Upstairs Kerry slept the sleep of the drunk, unaware that her daughter’s world had been shattered beyond repair.
Evander looked at Skip Paquale who smiled at him. Evander smiled back, but the smile, or grimace, didn’t reach his bloodshot brown eyes.
He noted the other man’s expensive suit, clean-cut good looks and flat, athletic stomach. Skip looked what he was, a ladies’ man, from his well-cut hair and sweet-smelling skin to his hand-made shoes. He was also a hood, a small-time Mafia man earning money from the numbers and a few other lucrative ventures. He was the great-nephew of Tommy Corolla, a big mob man who had his own family. At twenty-five Skip felt he wasn’t getting the action he deserved so he was making a little action of his own on the side.
That was where Evander Dorsey came in.
He had been very drunk one night, working in a seedy bar, his gnarled hands playing him up. During his break someone had put a record on the juke box. It was one of Kerry’s. He had sat back on the stool listening to her voice, looking down at the deformed fingers of his hands, when a guy beside him had asked him what he was thinking about. The guy was Delroy Burton, a black spiv who owned the club Evander was playing in. For some reason he had felt a great rage against Kerry, because she was big, a big star, famous, while he, Evander, was left broken down, working in dives because of her. He had told Delroy the whole story, having more and more drinks bought for him. The next night Delroy had been waiting for him, buying him drinks and getting names, dates, places, anything about his time in England. Then he had ignored him and Evander had just been sorry that the free drinks were not coming any more and forgot about Delroy.
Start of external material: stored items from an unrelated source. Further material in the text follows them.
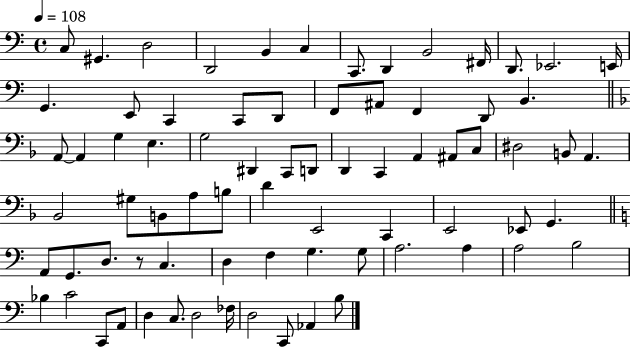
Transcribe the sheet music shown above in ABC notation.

X:1
T:Untitled
M:4/4
L:1/4
K:C
C,/2 ^G,, D,2 D,,2 B,, C, C,,/2 D,, B,,2 ^F,,/4 D,,/2 _E,,2 E,,/4 G,, E,,/2 C,, C,,/2 D,,/2 F,,/2 ^A,,/2 F,, D,,/2 B,, A,,/2 A,, G, E, G,2 ^D,, C,,/2 D,,/2 D,, C,, A,, ^A,,/2 C,/2 ^D,2 B,,/2 A,, _B,,2 ^G,/2 B,,/2 A,/2 B,/2 D E,,2 C,, E,,2 _E,,/2 G,, A,,/2 G,,/2 D,/2 z/2 C, D, F, G, G,/2 A,2 A, A,2 B,2 _B, C2 C,,/2 A,,/2 D, C,/2 D,2 _F,/4 D,2 C,,/2 _A,, B,/2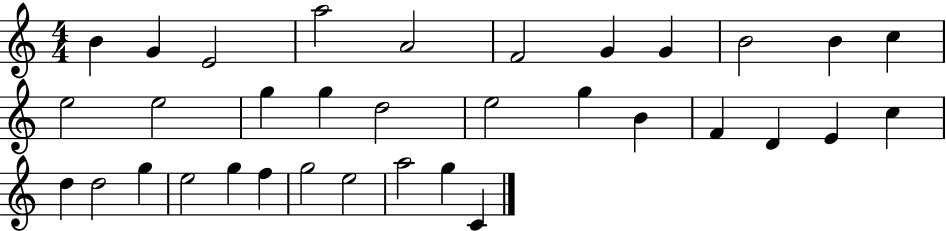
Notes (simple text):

B4/q G4/q E4/h A5/h A4/h F4/h G4/q G4/q B4/h B4/q C5/q E5/h E5/h G5/q G5/q D5/h E5/h G5/q B4/q F4/q D4/q E4/q C5/q D5/q D5/h G5/q E5/h G5/q F5/q G5/h E5/h A5/h G5/q C4/q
Then one night a few months later Delroy had come to his house. Evander lived alone since the terrible ‘accident’ to his hands. Hands that were numb a lot of the time where they had been hastily set in Liverpool by a little black woman called Rula Demoinge. Hands that could still play music to a degree, but had lost the suppleness and eagerness of before. Hands that were getting weaker and more gnarled as the years wore on. Delroy had come to the little shanty where he lived with two white men. Italians. The men had been introduced and one had produced a couple of bottles of Wild Turkey and a hundred dollars. All they wanted was to hear the story of Kerry Cavanagh. Evander, eyes wide at the sight of the money and the booze, had welcomed them in with open arms and told them everything, embellishing the story as drunkenness descended. Later that night they’d left him, a hundred dollars richer and drunk enough to sleep.
He hadn’t seen them for six months when they once more turned up, minus Delroy, and with the intention of ‘helping him out’. They had taken him from Alabama back to New York, bought him new clothes, cleaned him up, watched his drinking, and now here he was, back in London, living in a nice place in Notting Hill Gate. Evander was to be the instrument of blackmailing Kerry Cavanagh. In return he would get back some money and self-respect, both the things that had been denied him when Kevin Carter and his henchmen had stamped their booted feet on his hands. It was a sweet revenge, a just revenge on the woman who had brought him this low.
But the child had thrown him, he had to admit that. He hadn’t known about no child. A good-looking girl, more like an octoroon, like the whores in New Orleans. But she was his child all right. Looked like his sister Eulalie who’d had the same whitey look about her. His mama said she was the product of a sugar farmer, poor white trash. Well, Kerry wasn’t poor white trash, Kerry was loaded, and he was going to see, with the help of Skip Paquale and his boys, that a few thousand dollars came his way. It was just and fitting, it was right.